**Data:**
● ● ● ● ●

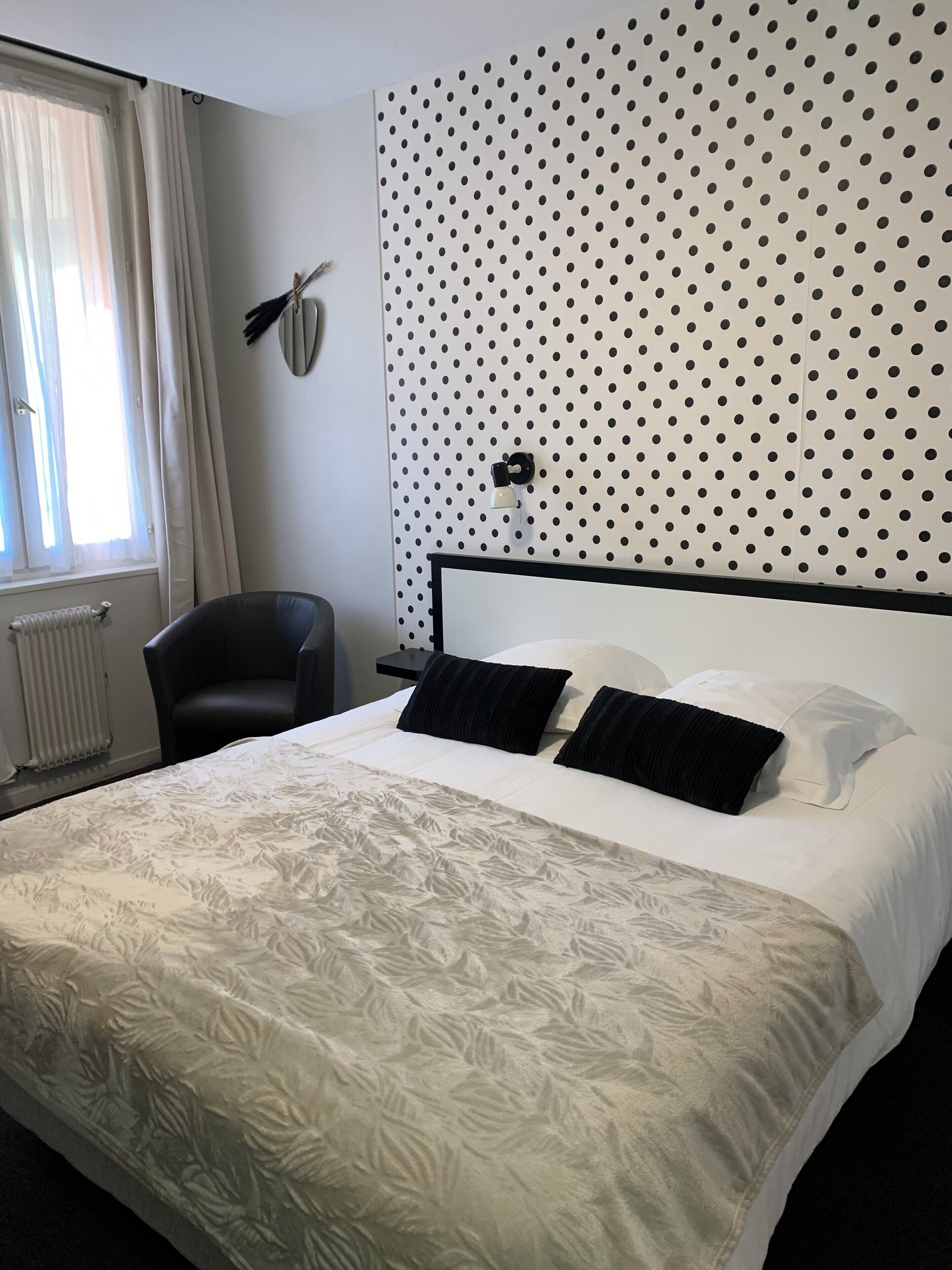 A hotel room with a bed, a chair, a radiator, and a polka dot wall.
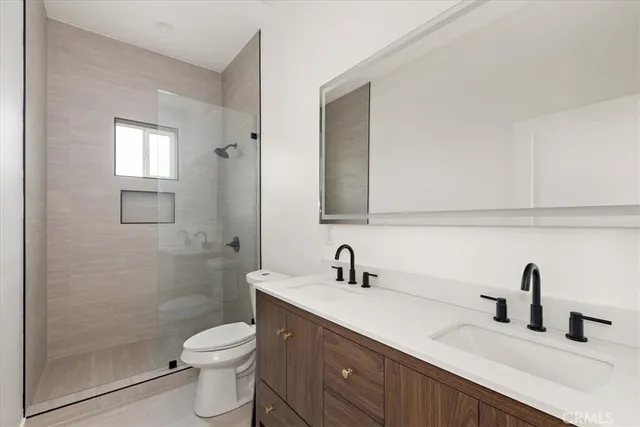 a bathroom with a toilet a sink a window and mirror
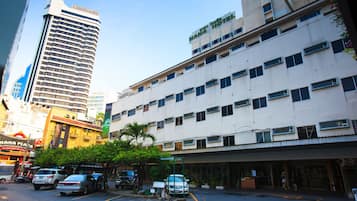 A multi-story hotel with a flat facade, numerous windows, and a parking lot in front.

● ● ● ● ●

**Task to complete:** Your copy should hold only the lines from the one containing "a bathroom with" through the last line of the listing, both included, retyped exactly and free of pictures.

**Answer section:**
 a bathroom with a toilet a sink a window and mirror
 A multi-story hotel with a flat facade, numerous windows, and a parking lot in front.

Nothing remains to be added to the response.